Когда дверь за Женей закрылась, Вадим попытался унять раздражение. Если бы не мать, Женя и Лева пошли бы с ним, он даже не сомневался. Он перевел тяжелый взгляд на Софию и криво усмехнулся.
— Обед, мама?
Та выверенным, автоматическим жестом поправила прическу.
— Ты расстроился, друг мой?
— С чего бы?
— С того, что эта девица тебя бортанула.
— Не говори глупости. — Вадим открыл шкаф и достал легкий льняной пиджак от «Ральфа Лорена», проверил ключи и кошелек в кармане.
— Она просто очень умна и решила тебя захомутать, — подвела итог София Потоцкая.
— Поверь, мама, — криво усмехнулся Вадим Владимирович, который не слышал от женщин слова «нет» последние несколько лет своей жизни, — если бы она хотела, она давным-давно бы это сделала.
Он приоткрыл дверь, пропуская мать. Та задумалась. Невооруженным глазом было видно химию между этими двумя, но девица явно не хотела сближения. Почему?
— Что ты о ней знаешь? — она решила прозондировать почву.
— Мама, давай сменим тему, — Вадиму не хотелось сейчас говорить о Жене. Просто потому что мать начала задавать правильные вопросы, на которые он сам себе не хотел отвечать.
— И все же? Все действительно так ужасно, как она говорила? Ну, про отца-ассенизатора и прочие глупости?
— Она говорила так, чтобы сбить твою спесь, — Вадим решил не ходить вокруг да около.
— Мою спесь? О чем ты говоришь? — искренне изумилась София и остановилась посреди коридора. Две молоденькие медсестрички, проходившие мимо, бросили на них заинтересованные взгляды.
— Мама, — Вадим подхватил мать под руку, — ты действительно иногда бываешь заносчива, но не потому, что ты это делаешь специально, а потому, что ты даже не понимаешь, что выходишь за рамки.
София выдернула руку и остановилась.

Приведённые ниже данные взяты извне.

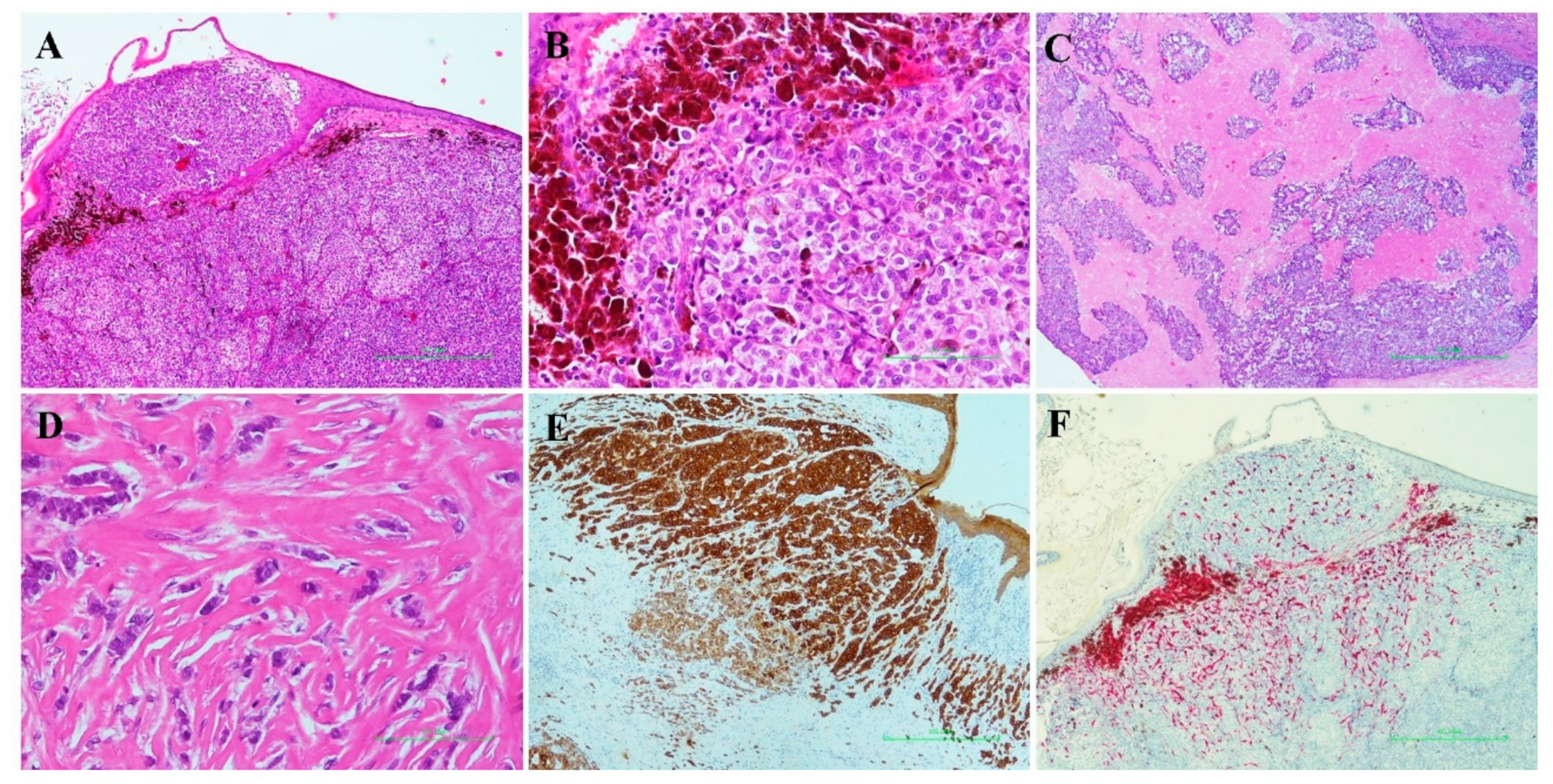 Diagnostics 11 00709 g001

Лицо пылало, сравнявшись по цвету с ярко-алой блузой с огромным бантом, которую София выбрала для посещения клиники сына, как самый деловой из имеющихся у нее нарядов.

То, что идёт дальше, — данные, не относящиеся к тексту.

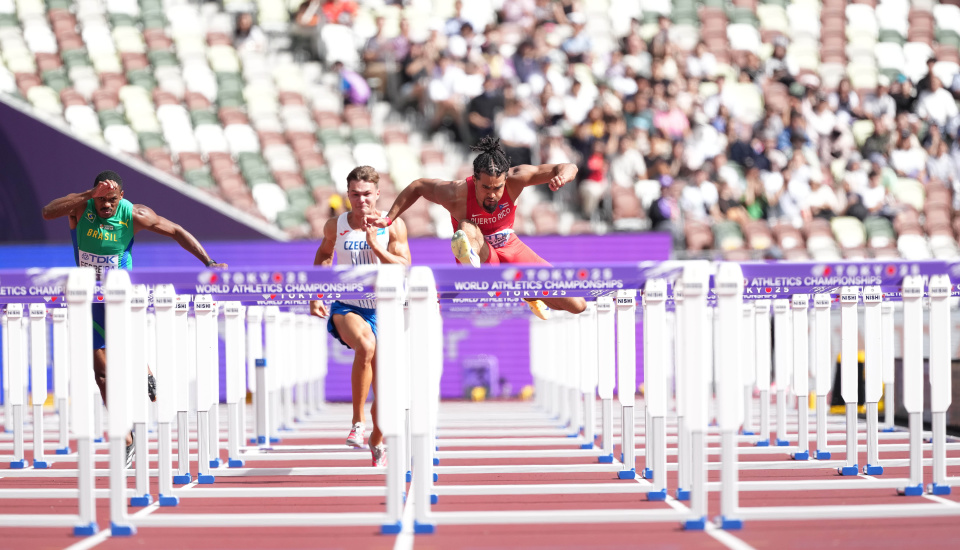 波多黎各选, RWd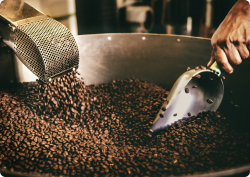 Himalaya Coffee Company: The Best Place To Buy Nepal Coffee Online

— Ты хочешь сказать, что я заносчивая стерва?
— Мама, я этого не говорил, не передергивай, но ты взъелась на Женю с самого начала. Почему?
— Потому что она показалась мне глупой блондинкой.
— Вот видишь, — широко улыбнулся Вадим.
— Ничего я не вижу!
— А Эмилия? Она же тоже блондинка. Тебе она глупой не кажется?
— Ну что ты сравниваешь! — теперь дива побледнела. — Эмилия из такой семьи! Она не может быть глупой!
— Мама, ты просто снобка, — широко улыбнулся Вадим и подхватил слабо сопротивляющуюся Софию под руку. — Но я все равно тебя люблю, а теперь пойдем, пообедаем.
— Выбрось ее из головы, — внезапно София стала серьезной.
— Может, я влюбился? — сын полушутя-полусерьезно посмотрел ей в глаза.
— Это должно быть взаимным, — поджала губы дива.
— А в меня что, невозможно влюбиться, по-твоему? — улыбка полностью сошла с лица Вадима, взгляд стал жестким, словно бурав.
— Такие неспособны любить, мой мальчик, — безапелляционно заявила София. — И мой снобизм здесь ни при чем. Она тебя просто использует. Поверь моему опыту.
— Ты ничего не понимаешь.
София молча усмехнулась, глядя сыну в глаза.